Running as a service

pipedai-orchestrator install renders the right native unit for your OS, writes it, and loads it — one unit that keeps the daemon alive across reboots; the daemon in turn supervises the worker child processes (the hybrid model). Units invoke node by absolute path, so they work in non-interactive service environments without your nvm/Homebrew PATH. Reference unit files live in templates/. Logs go to /tmp/pipedai-orchestrator.{out,err}.log on macOS/Linux; %TEMP%\pipedai-orchestrator.{out,err}.log on Windows.

Windows

connect and install work on Windows in PowerShell or cmd (orchestrator 0.4.2+ — older builds couldn't resolve the .cmd npm shims from spawn). Service install on Windows uses NSSM — install NSSM first (choco install nssm or download from nssm.cc), then run an elevated PowerShell / cmd window so the generated nssm install batch file can register the service. Logs land under %TEMP%\. Per-worker state lives under %USERPROFILE%\.pipedai\orchestrator\.

Stack

  • Node 22 + TypeScript 5.9
  • commander for arg parsing
  • tsup bundles to a single executable dist/cli.js (CJS + ESM)
  • zod for input validation
  • Vitest, ESLint, Prettier
  • mise pins Node 22

Local Setup

  1. Clone all four pipedai repos as siblings (pipedai-api, pipedai-website, pipedai-worker, pipedai-orchestrator) under one parent directory.
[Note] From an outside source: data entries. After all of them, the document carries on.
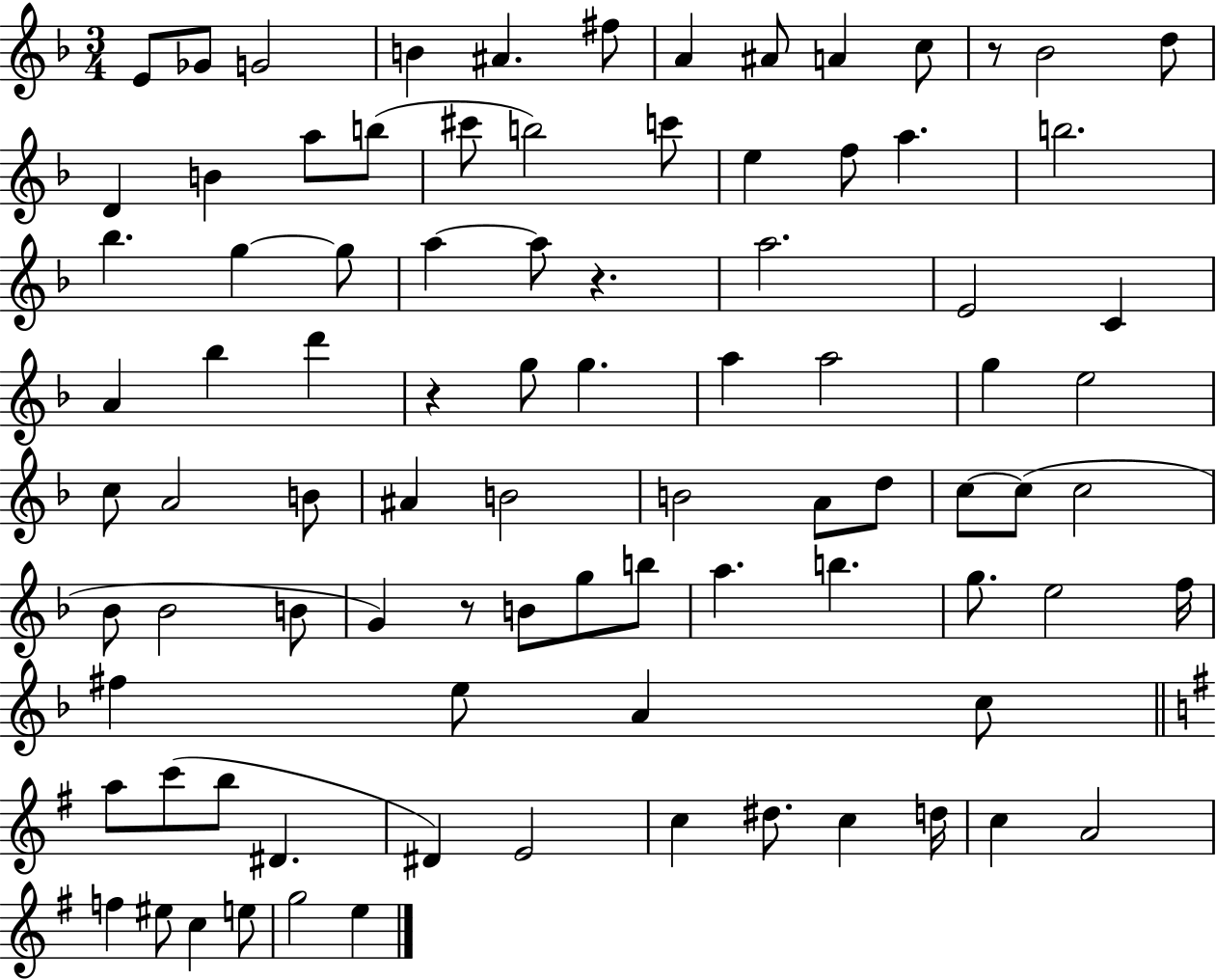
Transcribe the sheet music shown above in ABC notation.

X:1
T:Untitled
M:3/4
L:1/4
K:F
E/2 _G/2 G2 B ^A ^f/2 A ^A/2 A c/2 z/2 _B2 d/2 D B a/2 b/2 ^c'/2 b2 c'/2 e f/2 a b2 _b g g/2 a a/2 z a2 E2 C A _b d' z g/2 g a a2 g e2 c/2 A2 B/2 ^A B2 B2 A/2 d/2 c/2 c/2 c2 _B/2 _B2 B/2 G z/2 B/2 g/2 b/2 a b g/2 e2 f/4 ^f e/2 A c/2 a/2 c'/2 b/2 ^D ^D E2 c ^d/2 c d/4 c A2 f ^e/2 c e/2 g2 e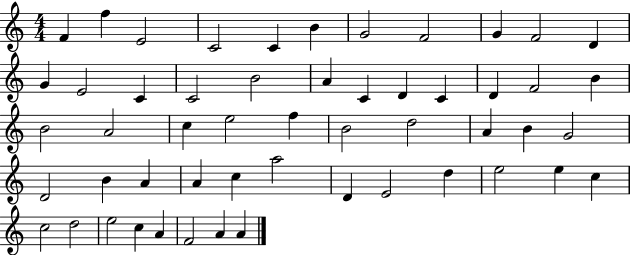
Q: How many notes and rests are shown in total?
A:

  2. Install mise (or install Node 22 directly):

    brew install mise
    mise install        # picks up mise.toml -> node@22
  3. Install dependencies and build:

    npm install
    npm run build       # emits dist/cli.js with #!/usr/bin/env node shebang
  4. Run it:

    npm run dev -- version      # via tsx, no build
    # or, after building:
    node dist/cli.js version

Scripts

| Script | What it does | |---|---| | npm run build | Bundle src/cli.ts to dist/ (CJS + ESM) via tsup | | npm run dev | Run the CLI from source via tsx | | npm run type-check | tsc --noEmit | | npm run lint | ESLint over .ts | | npm run format | Prettier write | | npm test | Vitest run |

Relationship to the other repos

  • pipedai-worker — the runtime the orchestrator supervises. The daemon shells out to its register and run commands.
  • pipedai-api — source of truth for worker status, run assignment, and the lifecycle endpoints (disable / deregister) the orchestrator calls.
  • pipedai-website — the hosted dashboard; the orchestrator's UI is a separate, local, single-host control plane.